Tag Archives: print

Print Review (Morning Musings for 8/19/14)

We are very fortunate to be part of a small group of photographers and friends who gather every six weeks or so in one of our homes for an informal print review. Each of the photographers is talented and expressive, and while our stylistic and subject preferences overlap, each has a unique style and photographic “voice.”

Print reviews, especially when the participants comprise a group of very talented and perceptive photographers who are also friends, are very, very useful. They tend to force me to switch out of the regular ongoing “flow” of making a lot of photographs, and towards a more directed task of choosing work worthy of showing and then making decent prints of the work. This switch is another element of the “discipline” component of photography. Even more important, I hear diverse responses to the work, which range from the purely emotional (very important) to technical observations (also important).

It is interesting to see the range of responses — sometimes they are pretty much what I expected based on my own relationship to the images, but at other times I’m surprised. I had two of those surprises last night, and each of them came in the case of sets of related prints that I shared. One was a small group of three street photographs from my recent visit to New York City, photographs of dense and busy spaces that feature intense and wild color palettes.

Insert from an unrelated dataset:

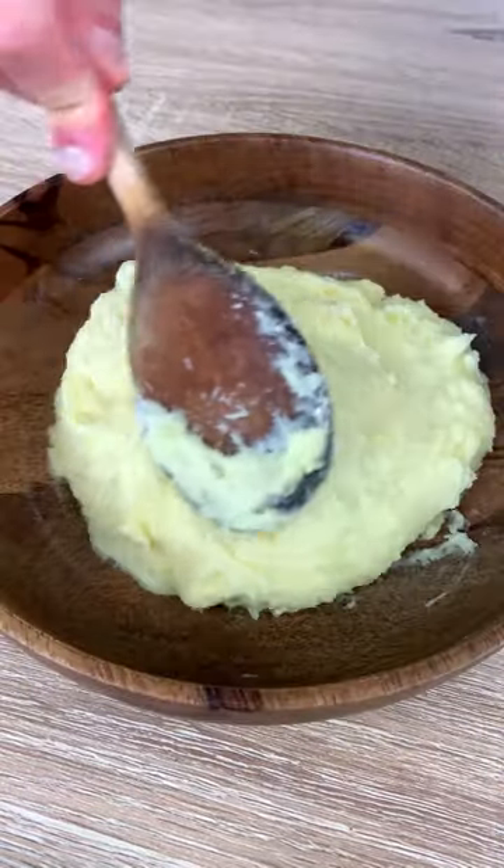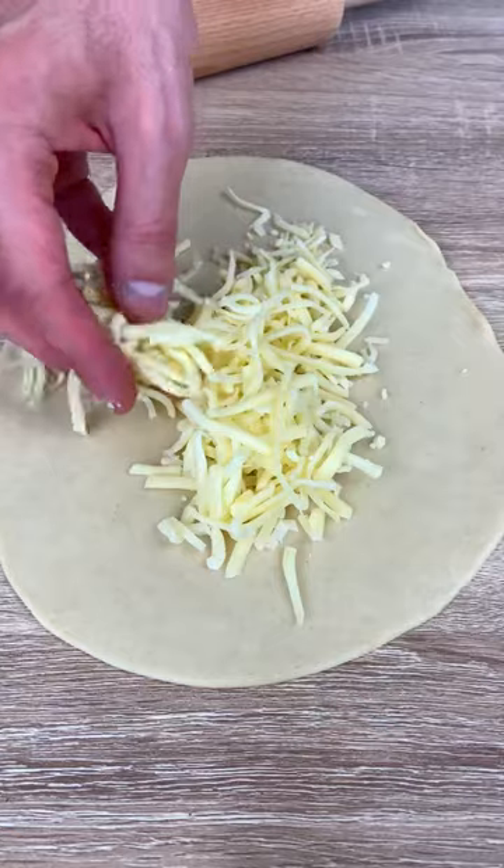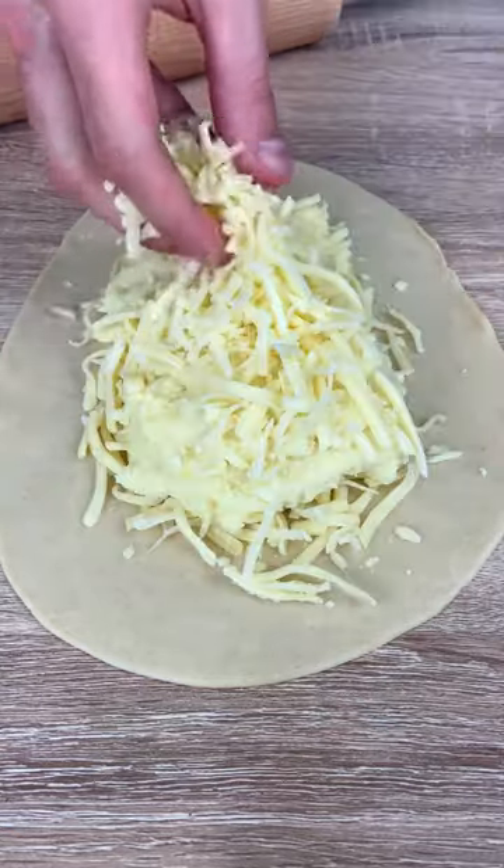Now mix your potatoes with cream cheese, flatten your dough, add your potatoes and a lot of mozzarella, and cook in a pan for five minutes each side, or until it's super sexy.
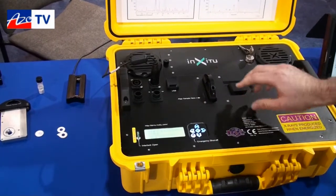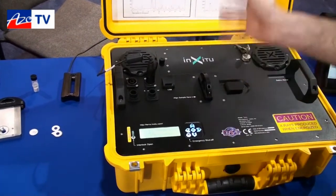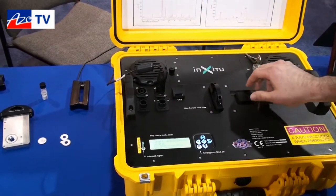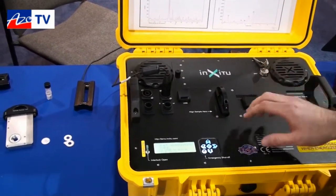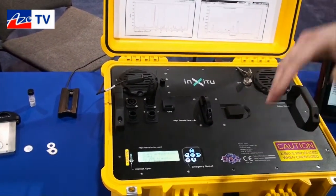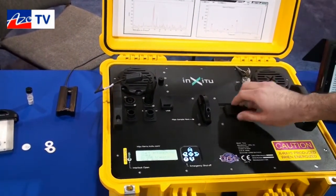The instrument is really easy to use. Everything is stationary, so you can actually move it around and it can go into rugged environments. We have an x-ray tube and a two-dimensional detector, and that allows us to get very quick diffraction patterns that somebody could take in the field and then download to a PC and analyze.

I had originally preferred one of the images to the others, but was beginning to gravitate to a second one in the set that included many more people. To my surprise, the group responded most strongly to the third, and their reactions to it made me reconsider my own feelings about the images in several ways.

The second group of photographs included five high-key black and white photographs, all of which belong to minimalist thread in my work that is about luminous atmosphere, usually from fog, that is so brightly lit by sun that it almost hurts to look into the scene. In order to get prints to somehow suggest that quality, I push the luminosity levels up about as far as possible, and the resulting images are somewhat minimal and often contain large areas of gentle tonal gradation. Among the five I shared were four that I made in California’s Central Valley. One of these is truly minimal, with a nearly invisible and diffuse horizon dividing an extremely luminous foggy sky from its reflection in still water below, and the only clear details are a few scattered birds in the water. I had almost chosen to not include this print, thinking that it might just be too minimal for other viewers. Much to my surprise, and without any prodding from me, the group preferred this image over the others. Live and learn!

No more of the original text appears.